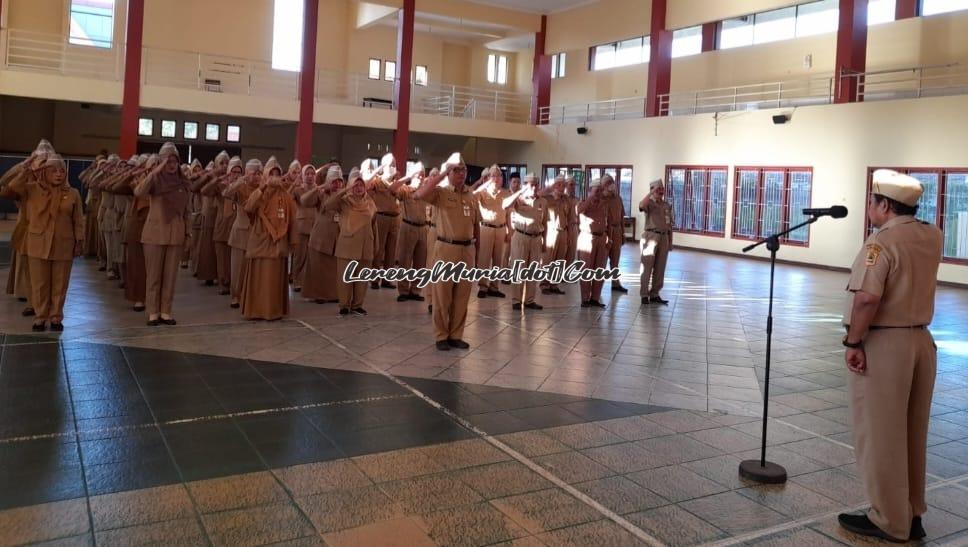 Foto Kepala SMAN 3 Pati Suhartono, S.Pd., M.Pd., M.Si. menjadi pembina apel pagi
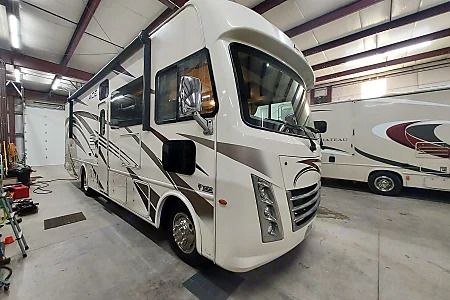 Photo 56 - 2019 Thor Motor Coach Class A Motorhome rental photo 58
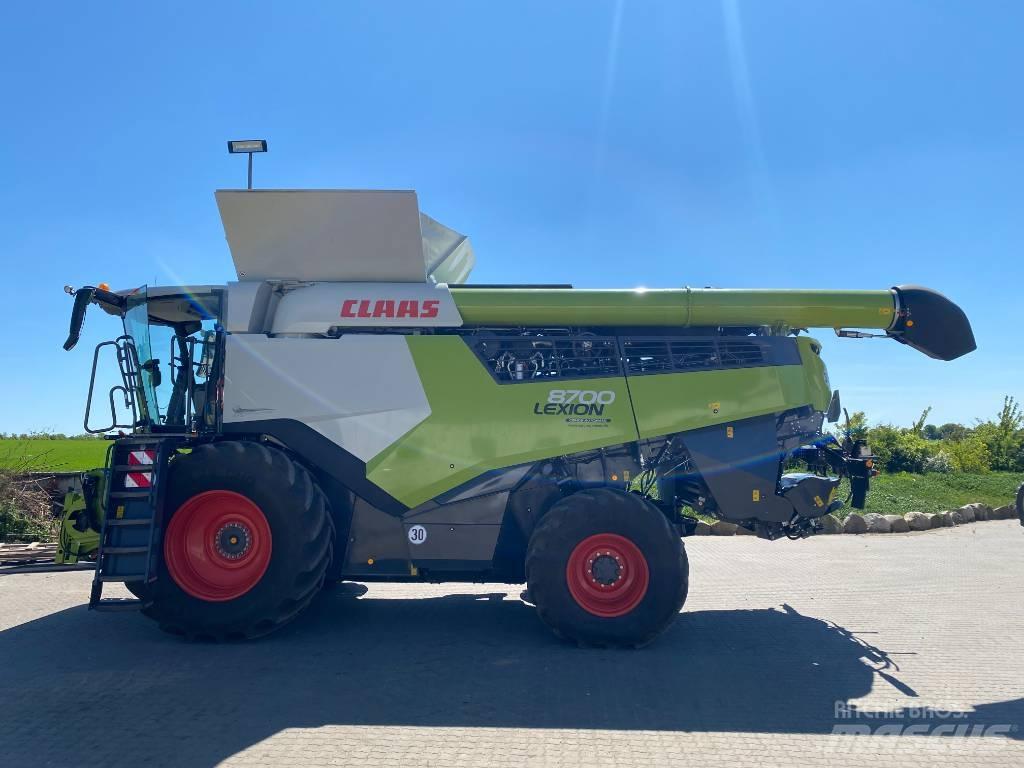 CLAAS Lexion 8700 コンバイン
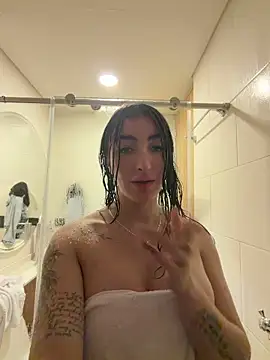 alejandra jonees online show from February 2026 02:53:01 AM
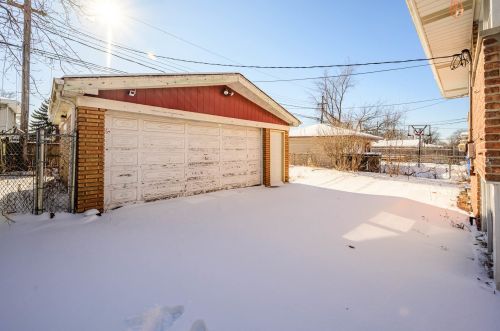 2711 84th Pl, Chicago IL 60652-3914 exterior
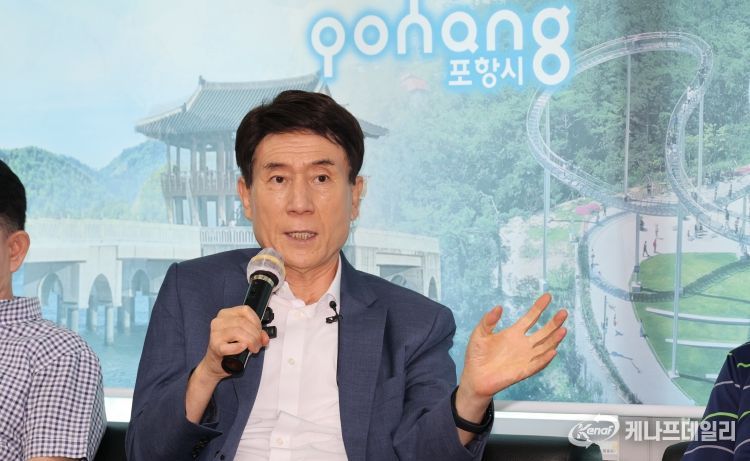 이강덕 포항시장은 27일 시청 브리핑룸에서 지역균형발전을 선도할 산업·주거·복지 융합형 통합 주거복지모델 구축 관련 기자간담회를 가졌다.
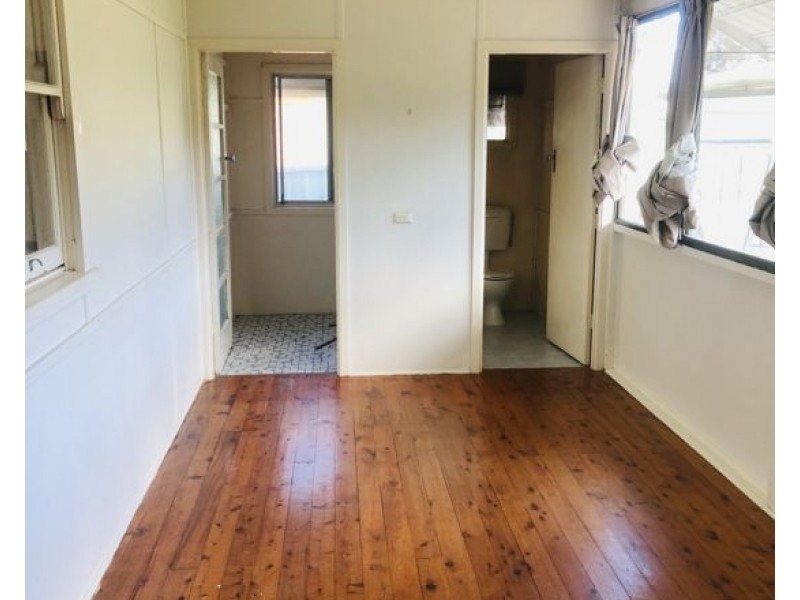 32 Windermere Avenue, Cambridge Park NSW 2747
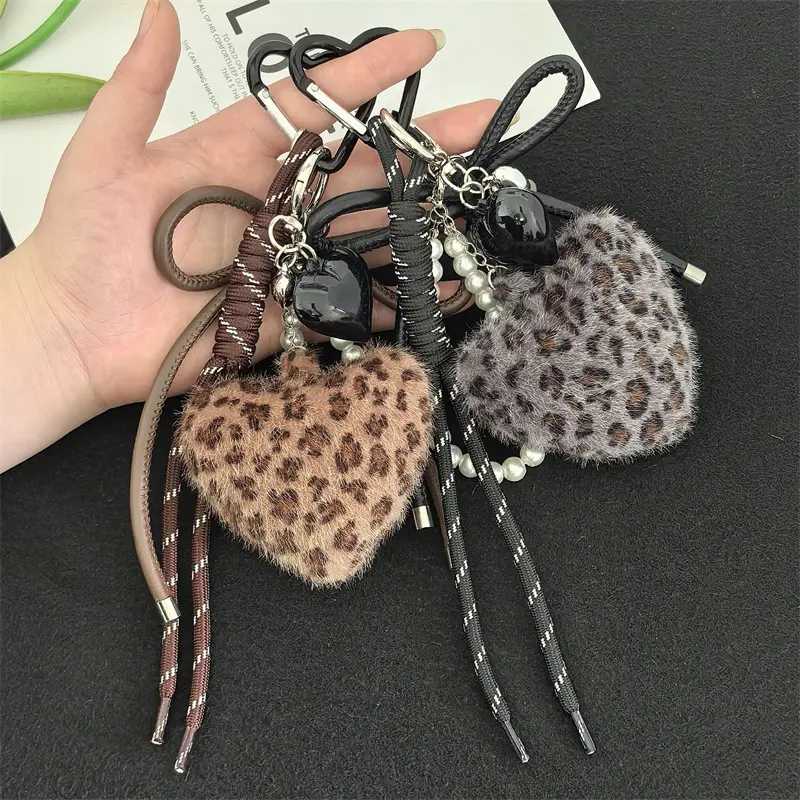 Women's Leopard Print Keychain, Cute Plush Fur Ball Purse & Bag Charm with Woven Rope and Mini Polyresin Animal Figure, Kawaii Accessories, Animal Motif, Fur Ball Resin
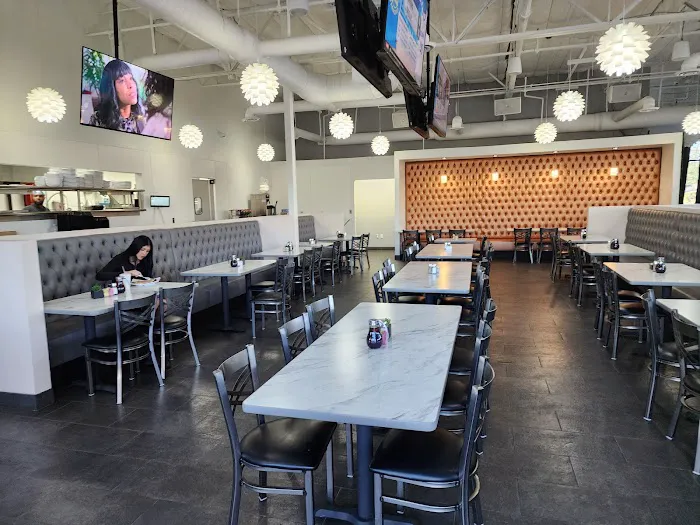 Brunch House Picture 7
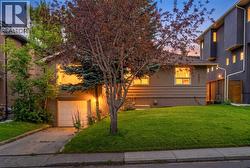 3042 28 Street SW  Calgary, AB T3E 2J5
——
TASK DESCRIPTION ::
Please print every record exactly, leaving out the pictures.

RESPONSE TO THE EXERCISE ::
 Foto Kepala SMAN 3 Pati Suhartono, S.Pd., M.Pd., M.Si. menjadi pembina apel pagi
 Photo 56 - 2019 Thor Motor Coach Class A Motorhome rental photo 58
 CLAAS Lexion 8700 コンバイン
 alejandra jonees online show from February 2026 02:53:01 AM
 2711 84th Pl, Chicago IL 60652-3914 exterior
 이강덕 포항시장은 27일 시청 브리핑룸에서 지역균형발전을 선도할 산업·주거·복지 융합형 통합 주거복지모델 구축 관련 기자간담회를 가졌다.
 32 Windermere Avenue, Cambridge Park NSW 2747
 Women's Leopard Print Keychain, Cute Plush Fur Ball Purse & Bag Charm with Woven Rope and Mini Polyresin Animal Figure, Kawaii Accessories, Animal Motif, Fur Ball Resin
 Brunch House Picture 7
 3042 28 Street SW  Calgary, AB T3E 2J5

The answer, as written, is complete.